Runaway princess has assets seized over €5.7m hotel bill
A SAUDI princess who fled a Paris hotel in the middle of the night owing a €5.7m hotel bill is to have her assets seized in France, a judge has ruled.
Maha Al-Sudairi was caught ordering her entourage of 60 to load scores of suitcases into a fleet of limousines outside the Shangri-La hotel at 3.30am in June last year.
She had racked up the vast bill after checking into the hotel six months previously, taking over an entire 41-room floor.
But when King Abdullah of Saudi Arabia refused to pay for her stay, she attempted the early morning flight, claiming diplomatic immunity and moving to the nearby Royal Monceau Hotel which is owned by the Emir of Qatar, a "family friend".
She left France a month later and has not returned.
Lawyers for the Shangri-La won a legal bid at a court in Nanterre, west of Paris, to have her assets in France seized.
She is known to have bought three units in central Paris, where she is believed to have stored goods from her shopping trips around the French capital – said to include expensive leather goods, artworks, jewellery, and clothing worth over €11m.
A spokesman for the Shangri-La said the hotel was pleased at the judge's ruling, but did not expect the bill to be settled soon.
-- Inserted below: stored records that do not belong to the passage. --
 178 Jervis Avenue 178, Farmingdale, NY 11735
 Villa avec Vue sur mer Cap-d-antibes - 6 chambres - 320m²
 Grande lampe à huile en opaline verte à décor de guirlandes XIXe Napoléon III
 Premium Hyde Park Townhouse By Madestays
"As far as the process of getting paid goes, it's likely to take a long time," he said. "Her belongings will need to be valued and then sold at auction, and even then we may need to take international legal action against the princess before we see any cash."
Princess Al-Sudairi's lavish foreign trips have proved too much even for King Abdullah, who confined her to a palace in the oil-rich state in 2009 after she left a trail of unpaid bills across Europe.
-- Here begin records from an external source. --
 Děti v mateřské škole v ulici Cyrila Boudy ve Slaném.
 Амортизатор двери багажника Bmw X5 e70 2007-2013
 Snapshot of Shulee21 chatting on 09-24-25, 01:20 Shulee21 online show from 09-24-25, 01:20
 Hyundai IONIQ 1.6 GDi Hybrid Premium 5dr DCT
But the ex-wife of Nayef ben Abdel Aziz, the former Saudi Crown Prince, who died weeks after the Paris incident, escaped and headed for France.
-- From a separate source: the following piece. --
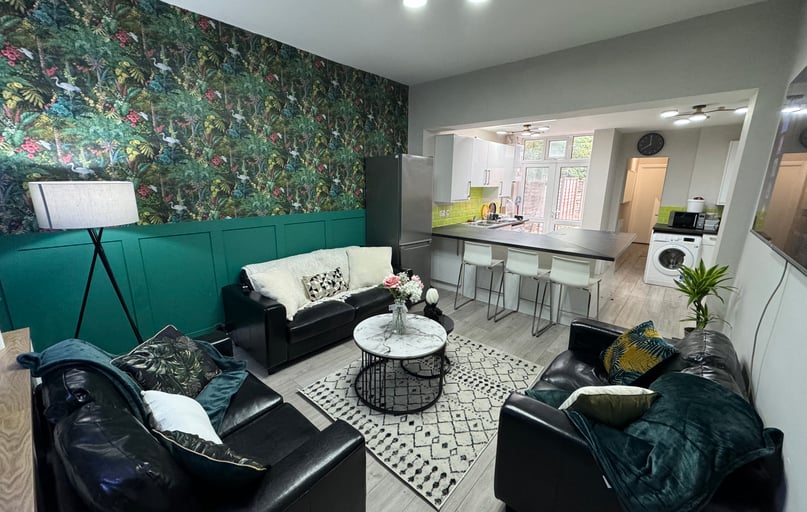 Raddlebarn Road, Selly Park, Birmingham - Image 1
Princess Maha has a history of frustrating foreign police forces. In 2009, she claimed diplomatic immunity, again in Paris, after running up unpaid shopping bills of more than €17m.
The following year, she needed to be bailed out again by her family after she ordered €20,600 worth of glassware and silverware from a Paris store.
Her fabulously wealthy credentials meant her IOU notes handed to shopkeepers reading "payment to follow" were usually accepted.
Over the past years, up to 30 of Paris's most exclusive luxury goods retailers have fallen foul of her credit notes, according to French newspapers.
In 1995, Princess Maha was accused of assaulting a servant in Orange County, Florida, whom she suspected of stealing $200,000 (€152,000) from her.